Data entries
/---

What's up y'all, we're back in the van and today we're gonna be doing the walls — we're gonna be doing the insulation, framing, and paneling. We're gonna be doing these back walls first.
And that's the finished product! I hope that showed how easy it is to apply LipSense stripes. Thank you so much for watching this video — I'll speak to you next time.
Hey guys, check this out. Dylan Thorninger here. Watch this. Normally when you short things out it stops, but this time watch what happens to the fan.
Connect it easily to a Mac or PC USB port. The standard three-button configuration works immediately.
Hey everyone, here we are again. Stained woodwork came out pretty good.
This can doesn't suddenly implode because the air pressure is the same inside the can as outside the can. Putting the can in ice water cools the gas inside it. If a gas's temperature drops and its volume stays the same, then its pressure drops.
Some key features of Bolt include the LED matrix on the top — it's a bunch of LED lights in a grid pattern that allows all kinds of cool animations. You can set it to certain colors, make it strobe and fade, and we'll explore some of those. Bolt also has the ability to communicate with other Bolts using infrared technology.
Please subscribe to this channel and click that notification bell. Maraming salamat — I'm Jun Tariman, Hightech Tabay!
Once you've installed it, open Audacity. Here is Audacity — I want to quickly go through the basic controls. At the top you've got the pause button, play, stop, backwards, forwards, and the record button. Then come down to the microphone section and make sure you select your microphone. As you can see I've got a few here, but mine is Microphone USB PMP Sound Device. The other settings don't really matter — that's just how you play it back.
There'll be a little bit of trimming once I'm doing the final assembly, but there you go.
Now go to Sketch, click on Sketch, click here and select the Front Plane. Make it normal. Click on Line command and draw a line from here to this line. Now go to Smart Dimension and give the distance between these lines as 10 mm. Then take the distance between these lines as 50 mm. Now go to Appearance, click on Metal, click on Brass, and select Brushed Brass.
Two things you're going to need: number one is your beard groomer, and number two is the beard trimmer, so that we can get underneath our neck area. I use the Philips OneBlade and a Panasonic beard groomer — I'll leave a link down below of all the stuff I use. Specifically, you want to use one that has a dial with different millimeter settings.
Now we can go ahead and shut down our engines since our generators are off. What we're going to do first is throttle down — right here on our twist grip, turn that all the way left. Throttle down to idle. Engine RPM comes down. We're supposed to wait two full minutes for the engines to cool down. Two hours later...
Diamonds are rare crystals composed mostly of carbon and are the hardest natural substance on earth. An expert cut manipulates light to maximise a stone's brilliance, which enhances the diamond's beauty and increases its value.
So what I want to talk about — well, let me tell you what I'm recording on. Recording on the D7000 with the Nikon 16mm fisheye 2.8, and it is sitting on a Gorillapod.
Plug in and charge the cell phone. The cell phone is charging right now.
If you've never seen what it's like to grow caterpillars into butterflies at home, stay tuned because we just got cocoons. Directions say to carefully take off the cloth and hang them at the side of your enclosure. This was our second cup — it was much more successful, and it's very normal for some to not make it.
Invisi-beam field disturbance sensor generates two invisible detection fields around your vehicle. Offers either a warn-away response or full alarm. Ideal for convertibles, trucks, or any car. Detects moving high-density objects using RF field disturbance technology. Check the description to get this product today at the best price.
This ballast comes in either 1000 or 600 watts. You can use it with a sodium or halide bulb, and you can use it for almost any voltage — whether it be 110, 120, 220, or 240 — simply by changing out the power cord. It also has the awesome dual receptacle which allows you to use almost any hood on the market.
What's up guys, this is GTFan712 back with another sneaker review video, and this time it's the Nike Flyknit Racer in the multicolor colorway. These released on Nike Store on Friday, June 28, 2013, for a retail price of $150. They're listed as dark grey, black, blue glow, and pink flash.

\---

[EXERCISE OBJECTIVE]: Beginning with the first line above, could you copy every line exactly, up to and including the one with "Hey guys, check"?

[TASK RESULT]:
What's up y'all, we're back in the van and today we're gonna be doing the walls — we're gonna be doing the insulation, framing, and paneling. We're gonna be doing these back walls first.
And that's the finished product! I hope that showed how easy it is to apply LipSense stripes. Thank you so much for watching this video — I'll speak to you next time.
Hey guys, check this out. Dylan Thorninger here. Watch this. Normally when you short things out it stops, but this time watch what happens to the fan.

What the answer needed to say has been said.